Il gap si concretizza in una forte tensione tra le intenzioni dei consumatori – voler condurre una esistenza più sostenibile – e le loro azioni: la sostenibilità sembra implicare sempre una “frizione”, una “rinuncia”, un cambiamento di comportamenti e abitudini ormai consolidati.

Come aiutare quindi i consumatori a fare il grande passo e adottare stili di vita più sostenibili? Questo è senza dubbio uno dei quesiti più difficili, perché in realtà, la sola sostenibilità è raramente un beneficio convincente. Ed è proprio in questo ambito che gli esperti dello human understanding possono dare un contributo significativo ai brand innanzitutto nel comprendere quali sono i fattori di contesto, le convinzioni e le eventuali altre barriere che contribuiscono a mantenere elevato il gap.

Il ricorso alle behavioural sciences diventa cruciale per cogliere quali sono gli elementi in grado di avere le maggiori potenzialità nel suscitare il “feeling of rightness” e favorire un cambiamento concreto dei comportamenti.

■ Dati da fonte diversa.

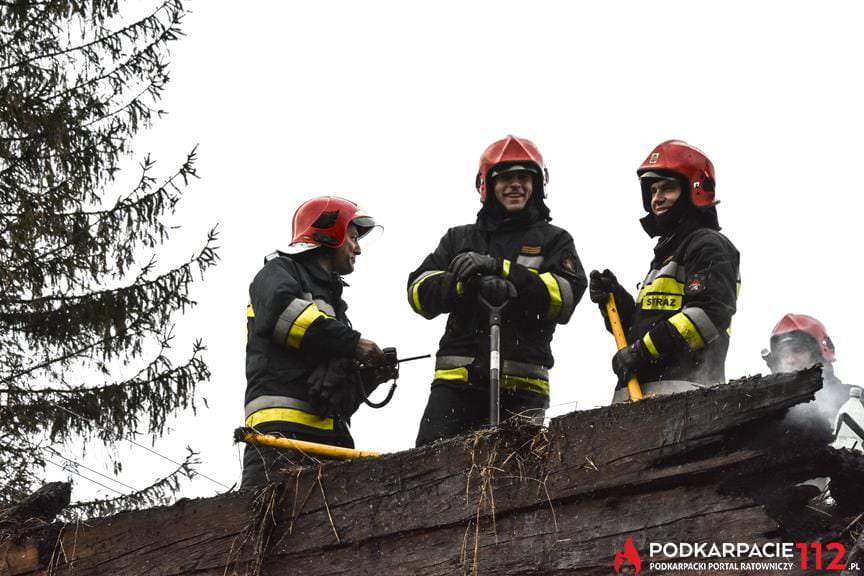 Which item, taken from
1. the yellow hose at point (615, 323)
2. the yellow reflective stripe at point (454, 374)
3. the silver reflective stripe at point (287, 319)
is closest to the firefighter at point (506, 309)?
the yellow reflective stripe at point (454, 374)

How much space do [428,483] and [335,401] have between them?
1.49 metres

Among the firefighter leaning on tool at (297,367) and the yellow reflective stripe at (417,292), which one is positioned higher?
the yellow reflective stripe at (417,292)

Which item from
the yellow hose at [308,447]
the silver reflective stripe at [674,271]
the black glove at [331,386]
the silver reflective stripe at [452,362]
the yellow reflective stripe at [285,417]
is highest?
the silver reflective stripe at [674,271]

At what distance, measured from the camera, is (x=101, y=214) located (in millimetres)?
11633

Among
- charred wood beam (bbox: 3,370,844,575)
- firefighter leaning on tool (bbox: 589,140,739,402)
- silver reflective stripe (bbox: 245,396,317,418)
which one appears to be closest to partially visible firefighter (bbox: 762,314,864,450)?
firefighter leaning on tool (bbox: 589,140,739,402)

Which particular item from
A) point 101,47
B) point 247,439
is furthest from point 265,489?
point 101,47

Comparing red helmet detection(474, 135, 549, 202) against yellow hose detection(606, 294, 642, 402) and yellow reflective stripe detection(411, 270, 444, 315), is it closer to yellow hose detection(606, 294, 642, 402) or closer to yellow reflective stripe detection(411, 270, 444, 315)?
yellow reflective stripe detection(411, 270, 444, 315)

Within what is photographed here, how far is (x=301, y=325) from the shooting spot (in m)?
6.10

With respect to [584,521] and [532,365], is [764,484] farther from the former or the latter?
[532,365]

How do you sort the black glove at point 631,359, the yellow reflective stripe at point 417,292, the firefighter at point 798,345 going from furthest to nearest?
the firefighter at point 798,345, the yellow reflective stripe at point 417,292, the black glove at point 631,359

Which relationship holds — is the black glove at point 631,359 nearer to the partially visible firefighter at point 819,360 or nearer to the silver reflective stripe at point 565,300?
the silver reflective stripe at point 565,300

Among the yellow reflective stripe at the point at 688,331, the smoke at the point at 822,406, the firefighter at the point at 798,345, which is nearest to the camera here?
the smoke at the point at 822,406

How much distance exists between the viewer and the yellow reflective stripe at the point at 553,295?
6336 mm

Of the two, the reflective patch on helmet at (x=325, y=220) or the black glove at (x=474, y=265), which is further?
the reflective patch on helmet at (x=325, y=220) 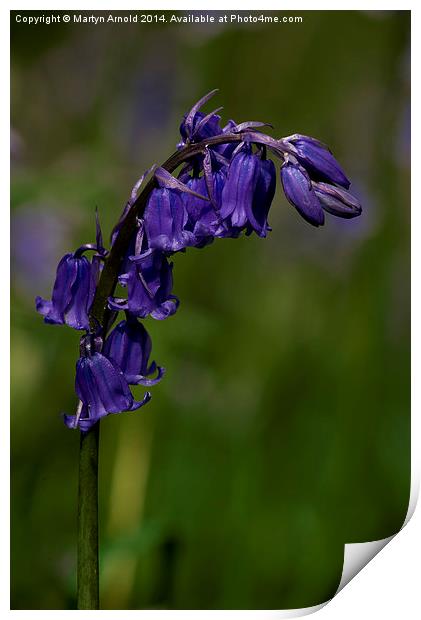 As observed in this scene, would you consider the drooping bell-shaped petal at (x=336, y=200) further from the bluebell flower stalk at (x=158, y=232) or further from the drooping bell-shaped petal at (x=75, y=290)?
the drooping bell-shaped petal at (x=75, y=290)

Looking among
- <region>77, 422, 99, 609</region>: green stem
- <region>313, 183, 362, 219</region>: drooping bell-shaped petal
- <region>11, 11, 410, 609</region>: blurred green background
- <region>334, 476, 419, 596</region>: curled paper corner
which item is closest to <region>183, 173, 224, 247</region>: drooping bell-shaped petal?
<region>313, 183, 362, 219</region>: drooping bell-shaped petal

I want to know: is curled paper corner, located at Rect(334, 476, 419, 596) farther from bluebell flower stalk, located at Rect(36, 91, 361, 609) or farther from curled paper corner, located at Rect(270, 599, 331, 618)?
bluebell flower stalk, located at Rect(36, 91, 361, 609)

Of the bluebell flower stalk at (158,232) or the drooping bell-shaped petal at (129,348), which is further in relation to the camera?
the drooping bell-shaped petal at (129,348)

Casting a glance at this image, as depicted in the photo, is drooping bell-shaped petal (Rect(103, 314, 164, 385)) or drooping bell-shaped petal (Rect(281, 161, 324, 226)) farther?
drooping bell-shaped petal (Rect(103, 314, 164, 385))

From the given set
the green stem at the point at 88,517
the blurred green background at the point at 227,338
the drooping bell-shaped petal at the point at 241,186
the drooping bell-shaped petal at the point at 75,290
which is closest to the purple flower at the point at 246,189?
the drooping bell-shaped petal at the point at 241,186

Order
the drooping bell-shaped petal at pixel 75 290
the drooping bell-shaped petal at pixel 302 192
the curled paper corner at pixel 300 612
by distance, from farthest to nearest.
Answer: the curled paper corner at pixel 300 612 < the drooping bell-shaped petal at pixel 75 290 < the drooping bell-shaped petal at pixel 302 192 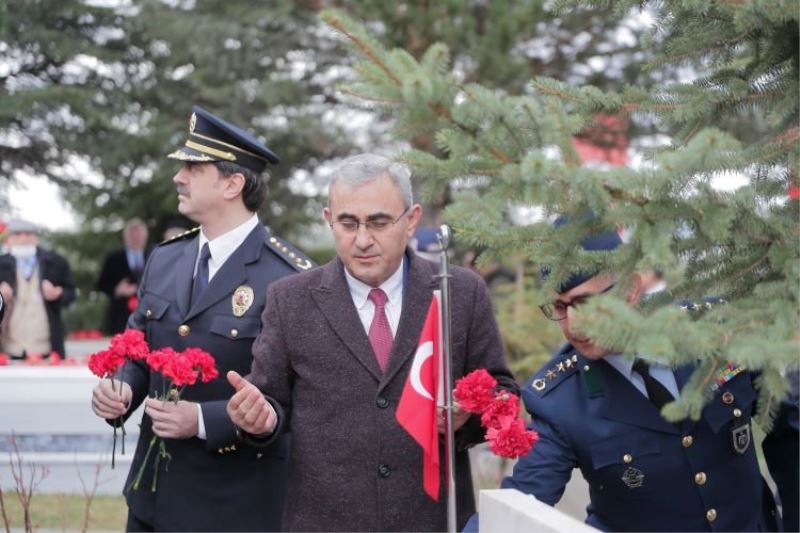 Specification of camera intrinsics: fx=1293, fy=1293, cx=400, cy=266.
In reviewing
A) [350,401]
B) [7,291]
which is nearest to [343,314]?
[350,401]

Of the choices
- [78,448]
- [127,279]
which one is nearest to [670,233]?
[78,448]

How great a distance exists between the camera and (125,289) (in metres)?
14.9

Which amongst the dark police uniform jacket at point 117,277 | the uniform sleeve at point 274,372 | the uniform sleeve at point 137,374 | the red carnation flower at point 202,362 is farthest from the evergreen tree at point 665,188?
the dark police uniform jacket at point 117,277

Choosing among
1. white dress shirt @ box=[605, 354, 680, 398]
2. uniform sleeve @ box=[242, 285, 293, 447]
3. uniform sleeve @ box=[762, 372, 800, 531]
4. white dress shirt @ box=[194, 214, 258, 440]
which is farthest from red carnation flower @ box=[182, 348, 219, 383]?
uniform sleeve @ box=[762, 372, 800, 531]

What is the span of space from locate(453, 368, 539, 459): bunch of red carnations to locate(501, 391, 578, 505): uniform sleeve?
12 centimetres

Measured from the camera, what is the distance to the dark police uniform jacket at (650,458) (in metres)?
3.56

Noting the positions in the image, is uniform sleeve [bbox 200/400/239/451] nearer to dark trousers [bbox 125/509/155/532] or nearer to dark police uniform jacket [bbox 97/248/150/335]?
dark trousers [bbox 125/509/155/532]

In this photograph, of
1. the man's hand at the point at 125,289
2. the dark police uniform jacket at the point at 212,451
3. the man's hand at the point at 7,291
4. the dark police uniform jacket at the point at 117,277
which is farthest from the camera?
the dark police uniform jacket at the point at 117,277

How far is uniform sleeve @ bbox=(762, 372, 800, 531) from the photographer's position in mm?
3498

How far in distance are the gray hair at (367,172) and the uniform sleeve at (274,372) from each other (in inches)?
18.6

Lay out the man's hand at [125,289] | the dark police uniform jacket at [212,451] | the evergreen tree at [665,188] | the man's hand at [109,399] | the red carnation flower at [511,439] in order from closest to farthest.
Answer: the evergreen tree at [665,188], the red carnation flower at [511,439], the man's hand at [109,399], the dark police uniform jacket at [212,451], the man's hand at [125,289]

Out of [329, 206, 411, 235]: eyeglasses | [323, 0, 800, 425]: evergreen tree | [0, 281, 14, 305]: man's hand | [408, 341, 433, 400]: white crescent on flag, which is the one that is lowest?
[0, 281, 14, 305]: man's hand

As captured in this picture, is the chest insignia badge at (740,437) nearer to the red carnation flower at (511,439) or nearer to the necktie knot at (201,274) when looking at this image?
the red carnation flower at (511,439)

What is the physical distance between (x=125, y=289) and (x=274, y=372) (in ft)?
37.1
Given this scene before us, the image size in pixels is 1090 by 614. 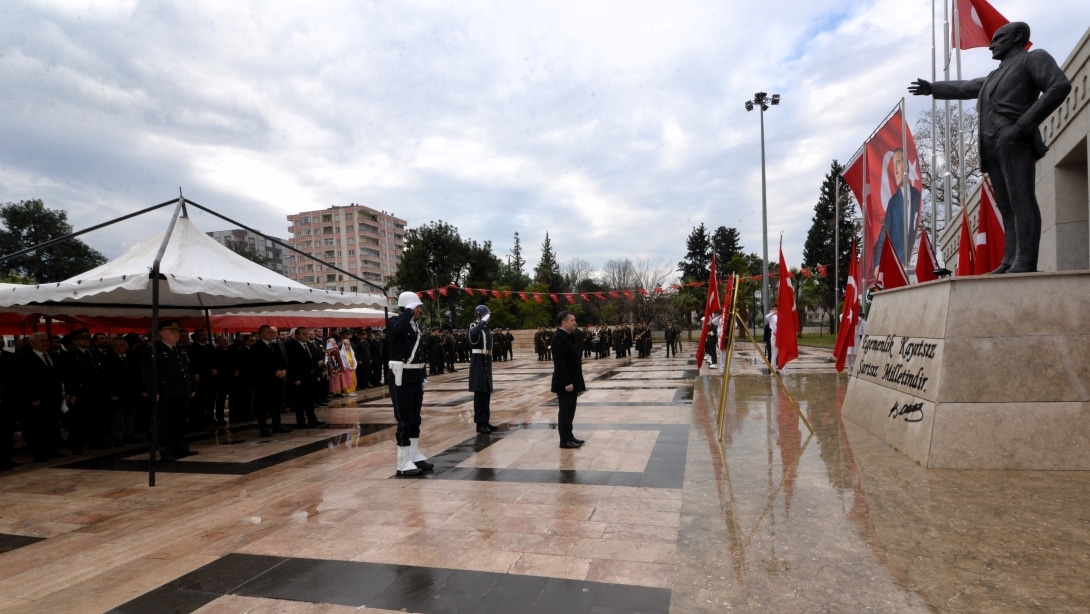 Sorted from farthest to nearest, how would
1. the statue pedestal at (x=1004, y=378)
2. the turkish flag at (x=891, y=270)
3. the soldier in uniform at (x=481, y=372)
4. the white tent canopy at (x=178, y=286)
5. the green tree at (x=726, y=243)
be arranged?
the green tree at (x=726, y=243) < the turkish flag at (x=891, y=270) < the soldier in uniform at (x=481, y=372) < the white tent canopy at (x=178, y=286) < the statue pedestal at (x=1004, y=378)

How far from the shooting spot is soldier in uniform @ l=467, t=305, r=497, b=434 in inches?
330

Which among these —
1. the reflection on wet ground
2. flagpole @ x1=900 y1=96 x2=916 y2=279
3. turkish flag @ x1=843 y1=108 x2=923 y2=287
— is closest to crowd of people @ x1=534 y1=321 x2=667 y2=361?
turkish flag @ x1=843 y1=108 x2=923 y2=287

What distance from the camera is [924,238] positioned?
8.07m

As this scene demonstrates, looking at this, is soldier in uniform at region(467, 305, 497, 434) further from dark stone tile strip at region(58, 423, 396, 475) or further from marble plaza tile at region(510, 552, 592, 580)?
marble plaza tile at region(510, 552, 592, 580)

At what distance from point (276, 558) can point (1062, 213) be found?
46.1 ft

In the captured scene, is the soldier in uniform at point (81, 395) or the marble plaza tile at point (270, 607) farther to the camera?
the soldier in uniform at point (81, 395)

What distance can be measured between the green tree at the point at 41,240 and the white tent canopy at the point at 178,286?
1492 inches

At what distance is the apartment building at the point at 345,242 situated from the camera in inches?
3531

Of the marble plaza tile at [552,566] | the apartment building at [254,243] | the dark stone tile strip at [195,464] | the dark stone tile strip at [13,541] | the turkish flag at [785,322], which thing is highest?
the apartment building at [254,243]

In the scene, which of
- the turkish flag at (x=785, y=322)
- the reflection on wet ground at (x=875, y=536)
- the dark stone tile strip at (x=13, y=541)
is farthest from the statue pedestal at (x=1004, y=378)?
the dark stone tile strip at (x=13, y=541)

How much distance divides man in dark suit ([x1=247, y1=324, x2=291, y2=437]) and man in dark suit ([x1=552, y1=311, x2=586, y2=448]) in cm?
480

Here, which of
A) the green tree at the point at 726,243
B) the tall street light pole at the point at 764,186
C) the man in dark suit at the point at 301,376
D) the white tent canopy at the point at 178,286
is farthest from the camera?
the green tree at the point at 726,243

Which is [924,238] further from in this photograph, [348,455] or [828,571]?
[348,455]

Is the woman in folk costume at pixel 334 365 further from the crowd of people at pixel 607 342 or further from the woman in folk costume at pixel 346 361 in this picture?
the crowd of people at pixel 607 342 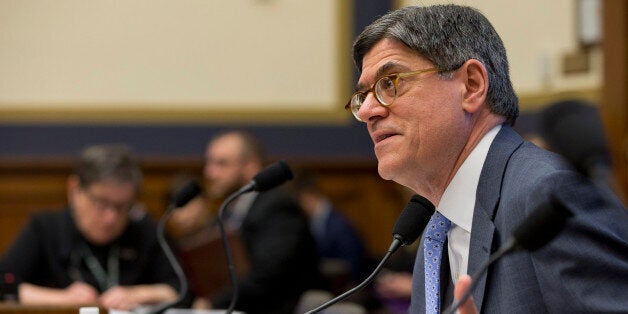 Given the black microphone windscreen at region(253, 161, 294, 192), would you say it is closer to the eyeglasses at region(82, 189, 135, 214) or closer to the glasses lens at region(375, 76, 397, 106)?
the glasses lens at region(375, 76, 397, 106)

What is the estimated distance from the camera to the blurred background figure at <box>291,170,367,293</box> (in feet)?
24.0

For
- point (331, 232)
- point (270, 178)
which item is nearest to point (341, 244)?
point (331, 232)

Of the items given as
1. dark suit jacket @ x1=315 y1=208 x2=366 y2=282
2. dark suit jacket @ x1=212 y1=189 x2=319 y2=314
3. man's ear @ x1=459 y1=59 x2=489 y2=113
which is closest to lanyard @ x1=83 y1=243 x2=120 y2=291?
dark suit jacket @ x1=212 y1=189 x2=319 y2=314

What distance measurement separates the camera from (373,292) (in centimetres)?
676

In sintesi, abbracciare la sostenibilità non può ridursi a qualche iniziativa di marketing sporadica, che, per quanto utile a migliorare il percepito del consumatore, non garantisce prospettive durature di crescita del business. Dopo la “Era of product” degli anni ’70 (in cui il focus del marketing erano i benefit di prodotto) e la “Era of Person” (in cui l’enfasi si era posta sul consumatore ed i suoi need), il marketing sta inaugurando ora la “Era of Public”:  i nuovi stili di vita ed il cambiamento dei valori dei consumatori, favoriranno i brand che mettono in primo piano la responsabilità sociale e ambientale migliorando la vita dei loro consumatori, aiutandoli ad adottare comportamenti sostenibili e generando un impatto positivo sulla società. E questo impatterà le modalità che i brand usano per raccontare se stessi. Oggi un brand non può semplicemente dire di essere sostenibile. Deve compiere azioni concrete che generino un impatto positivo sulla società. E deve dimostrare di averlo fatto.